GO NAVY BEAT ARMY

GO NAVY BEAT ARMY

'87 Sir

Thirty years of service ----USNA Class of 1987 '87 Sir

Wednesday, December 9, 2015

Grouchy Historian's Favorite Books of 2015



So another year draws to a close, so in addition to eggnog, tinsel, and useless speeches from a lame duck President, it's time for the best books of the year from my extensive reading list.

This year I actually achieved my goal of 36 books a little early, thanks to a new and extended commute and the wonders of Books on CD....what a wonderful way to read (listen) to fiction.  Haven't really gotten into listening to non-fiction yet...a bit to OCD for that..I like to flip to maps and pictures too much.

I will say this was a particularly tough year to choose..there were so many good books, many of them gloriously sent by my very good comrades at the New York Journal of Books where I had another gratifying year of reviewing some really thoughtful books...some of which I will confess I am still finishing up.  I look forward to another awesome year of their professionalism and enthusiasm for all things bibliophile.


SO, my favorite non-fiction has to be...Ian Toll's two volumes on the Pacific War.  Mr. Toll is rapidly becoming to the Pacific War what Rick Atkinson is to the ETO--the author of the definitive trilogy on the conflict.  Like his counterpart, Mr. Toll has an excellent blend of narrative history, "you were there" stories, and historical analysis to make these really fine volumes.  There is a definite skill to blending the sweeping naval battles with the grinding island assaults and Mr. Toll does this very well...the section on the invasion of Tarawa in the Conquering Tide is nothing sort of magnificent.  He has one more volume in the works covering the final 2 years of the war...I look forward to it very much.

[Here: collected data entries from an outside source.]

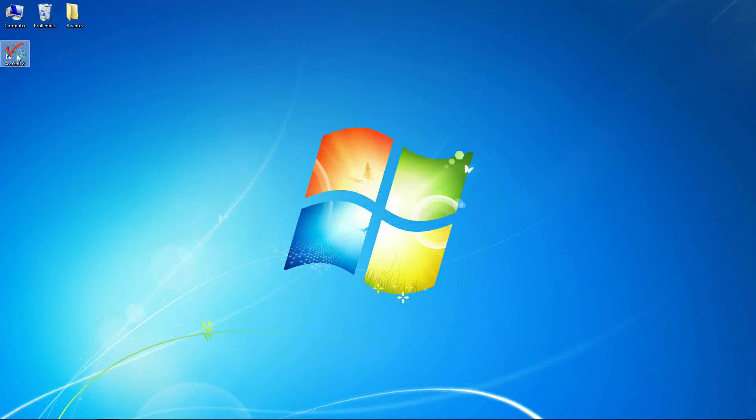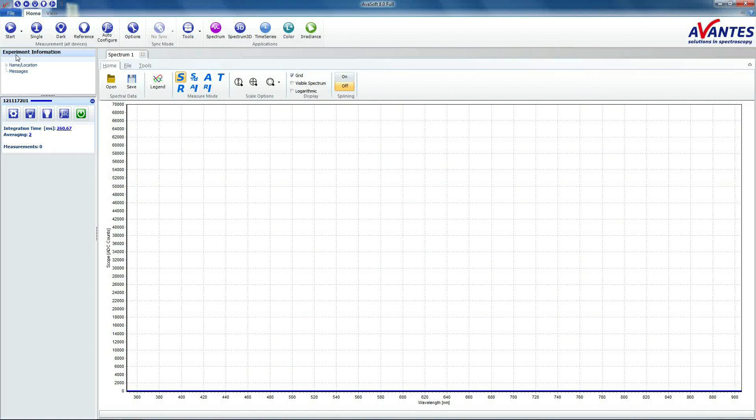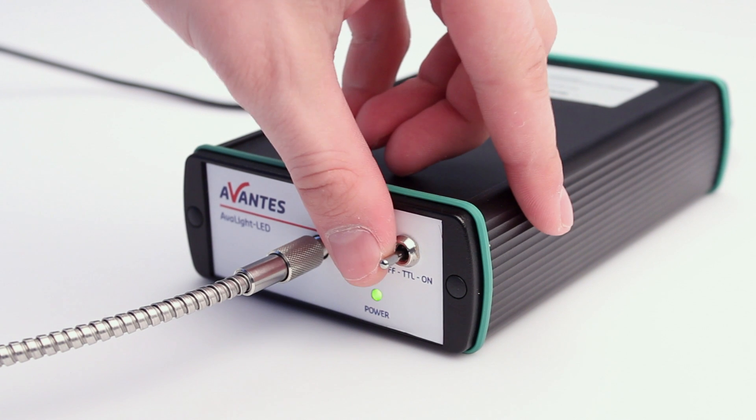Now start up Avasoft 8. To start a measurement, click Start in the upper left corner. Please turn on the lamp.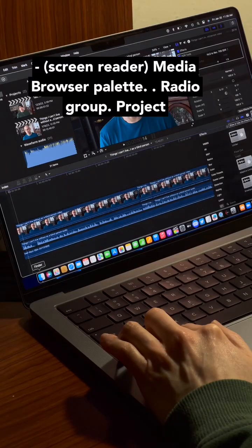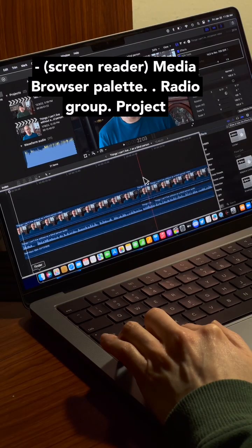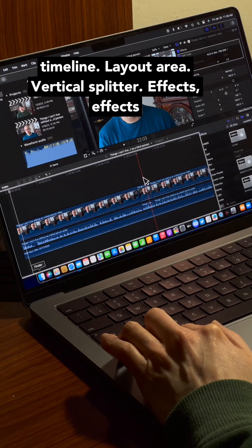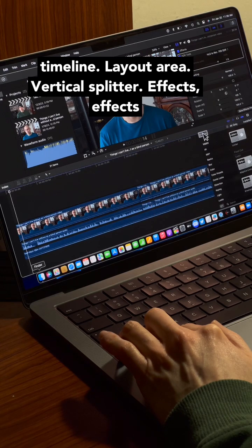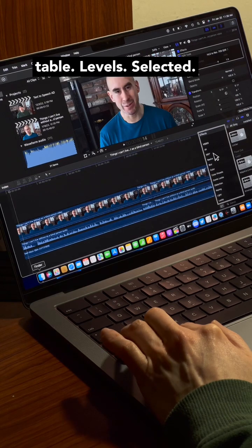For example, VoiceOver announces things like: media browser palette, project timeline, layout area, vertical splitter, effects, table, levels, selected.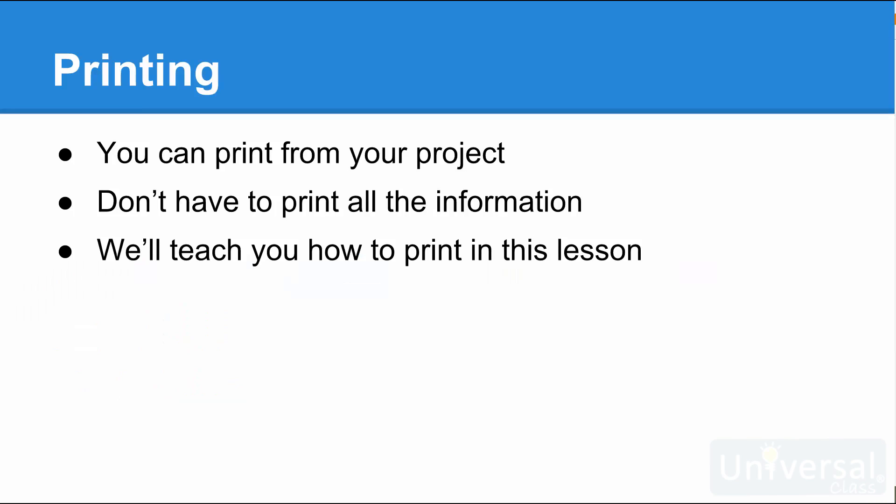Printing Project Information. You can print any information that you have in your project. You do not have to print all the information from the project. This means you can just print your task list or resource sheet, or any of the views that you want.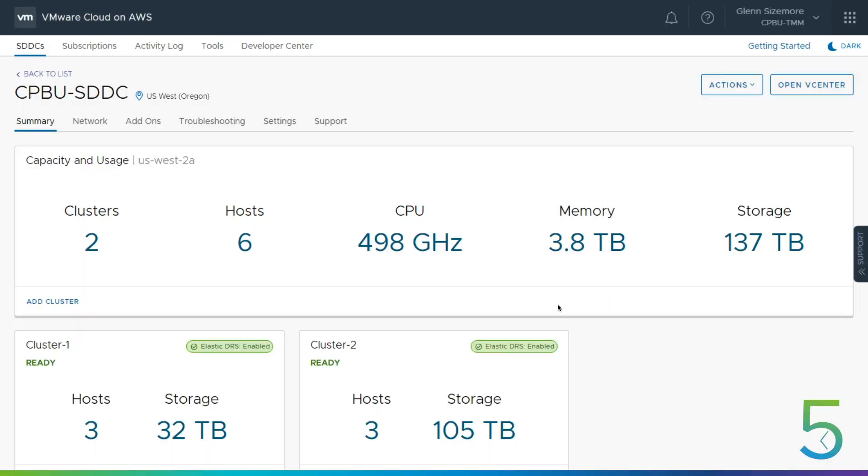So let's start off. Right now we're in our VMware Cloud on AWS console and you can see we've got a couple of clusters. And what we're going to show is let's just take a look in vCenter and look at what our environment looks like.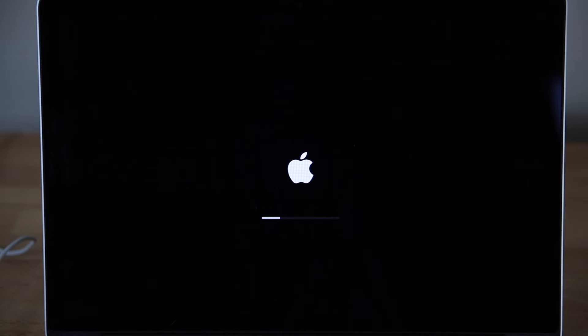Restart your computer and hold the Command and R keys. When the Apple logo appears on the screen, you can release them. Your computer is now booting into recovery mode.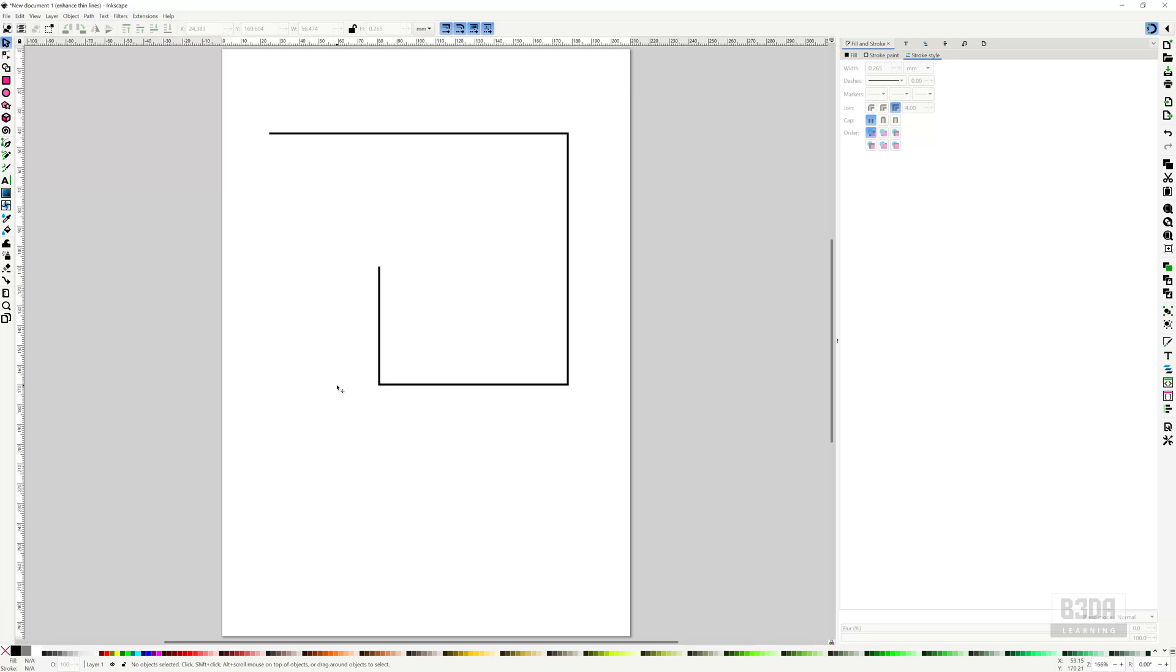Hey, I'm Alan Brito from Blender 3D Architect and welcome to this tutorial about Inkscape. If you keep track of the tutorials, news, anything that I do here, you probably know that I prefer to use open source software for design and visualization.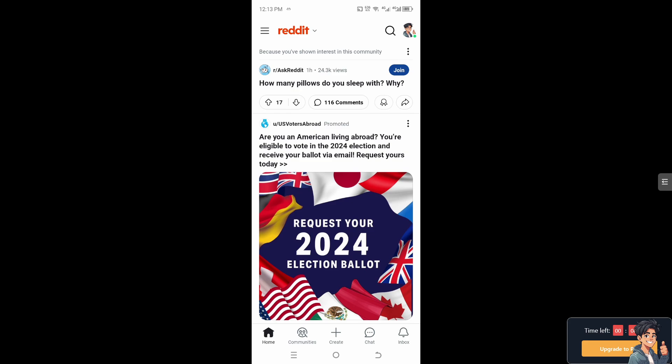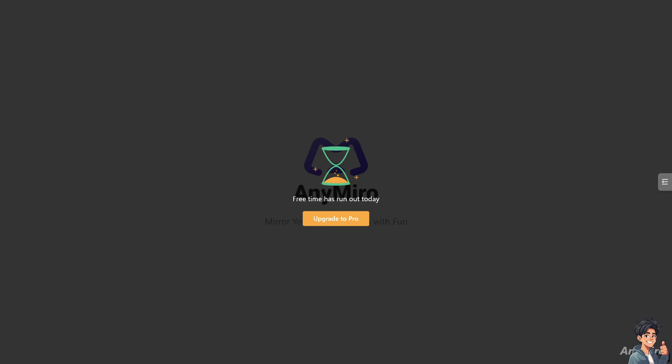You can effectively manage and delete messages on the Reddit mobile device browser, not exactly the app, to keep your inbox organized or maintain privacy as needed. Thank you so much for watching. We will see you again in the next video.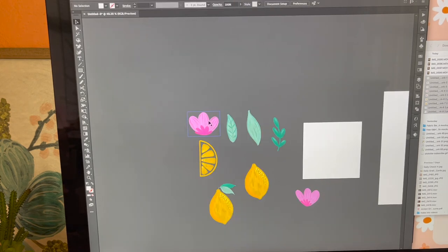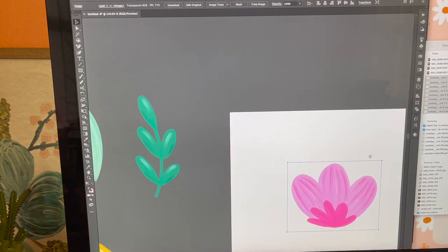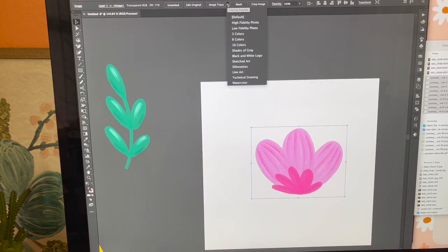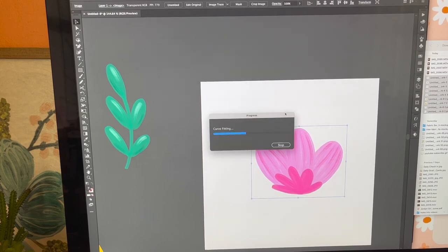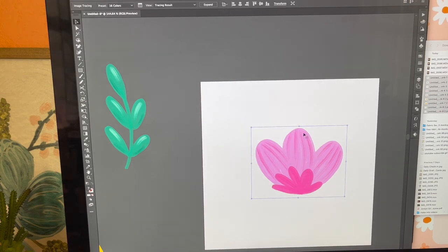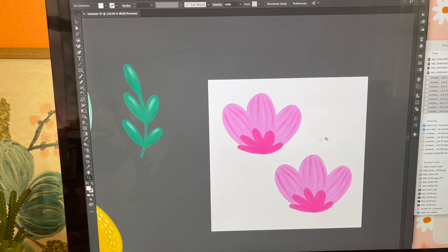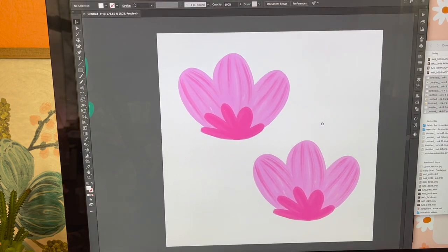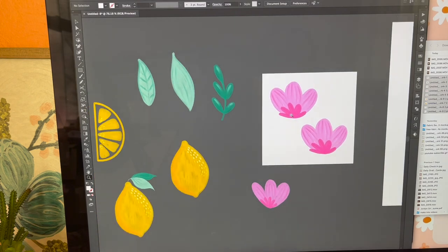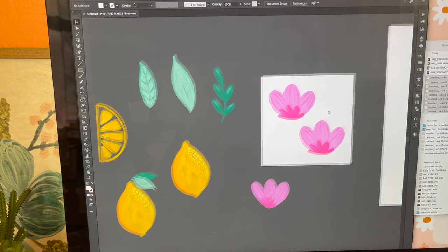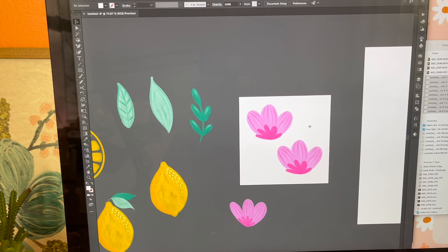If you wanted to make this vectorized, the option I would do is come up to Image Trace and do 16 colors and see what that gets you. That turned out actually really good, so this would be my vectorized version. Honestly that's really decent, and I'm almost debating if I should just do it vectored or not. I'll just make the pattern first and then decide later if I want to vectorize it.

Two honorable mentions were 13 Hours which I listened too and was very hard to distinguish from a Tom Clancy novel...it's going to make an awesome movie.  AND...well, let's face it...like I said, West Point can't play football, but they do awesome military history.  Their West Point History of World War II Volume 1 was a truly awesome work, made even better when you consider it's both a hardcover for us Luddites and a very cool interactive book for the twitchy generation of millennials now attending the service academies...which is ironic since the company making the interactive book is run by a Canoe U graduate.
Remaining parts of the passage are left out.